Waren die Täter überhaupt ausreichend ausgebildet, einen solchen Todesflug durchzuführen? Reichte der Einschlag einer Boeing aus, um die Zwillingstürme zum Einstürzen zu bringen? Oder sind sie gesprengt worden? Handelte es sich bei den Todesfliegern in Wirklichkeit um ferngesteuerte „Drohnen“? Wieso gibt es bisher nirgends vollständige und verbindliche Passagierlisten der entführten Flüge? Wie kam es, daß sämtliche Sicherheits- und Abwehrkräfte der USA an diesem Tag so kläglich versagt haben? Diente die von der US-Regierung beauftragte Untersuchungskommission eher Vertuschungs- als Aufklärungszwecken?

Im Aufwerfen von Fragen und der Schulung eines massenmedienkritischen Blicks liegt wohl auch das größte Verdienst von Wisnewski, Bröckers und seinem Koautor Christian C. Walther.
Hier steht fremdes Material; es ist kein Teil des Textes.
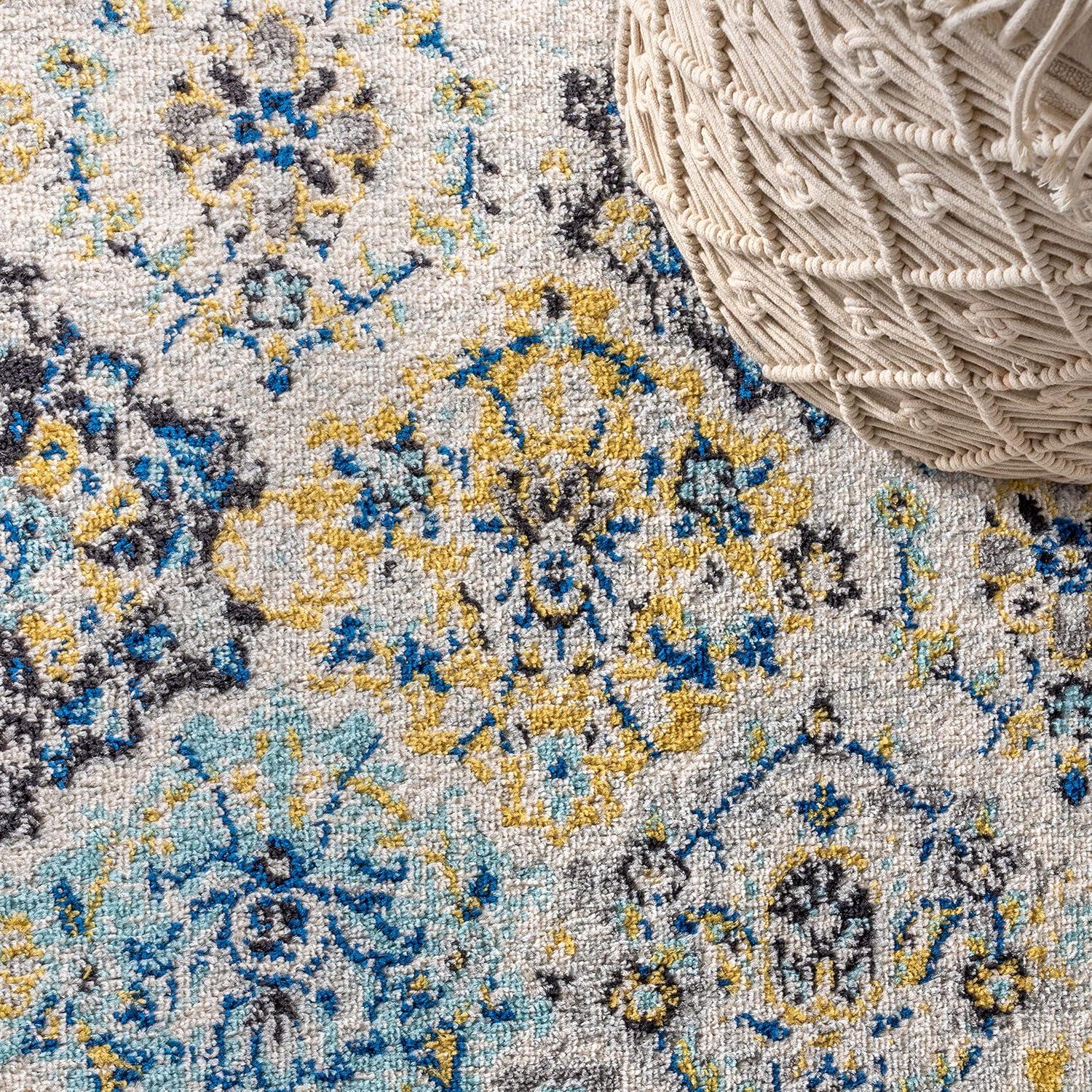 image:imageJONATHAN Y Modern Boho Vintage Trellis BlueMulti Indoor Area Rug 3x5 Bohemian Traditional EasyCleaning for Living Room Bedroom Kitchen Pet Friendly NonShedding MDP205A3BlueMulti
Denn darüber, was wirklich passiert ist, können auch sie nur spekulieren.

Einig sind sie sich in der Feststellung, daß die offizielle Schilderung des Tathergangs nicht stimmen kann, und daß es niemals zu „9/11“ hätte kommen können, wären nicht US-Geheimdienste und Militärs in das Projekt verwickelt gewesen, sei es als Mitwisser oder Mittäter.

Den Vorwurf der „Verschwörungstheorie“ kontern die Autoren mit dem Gegenvorwurf, daß die Geschichte mit den 19 mit Teppichmessern bewaffneten Moslems, die auf eigene Faust konzertiert vier Flugzeuge entführt hätten, bei näherer Betrachtung noch viel weniger plausibel ist. 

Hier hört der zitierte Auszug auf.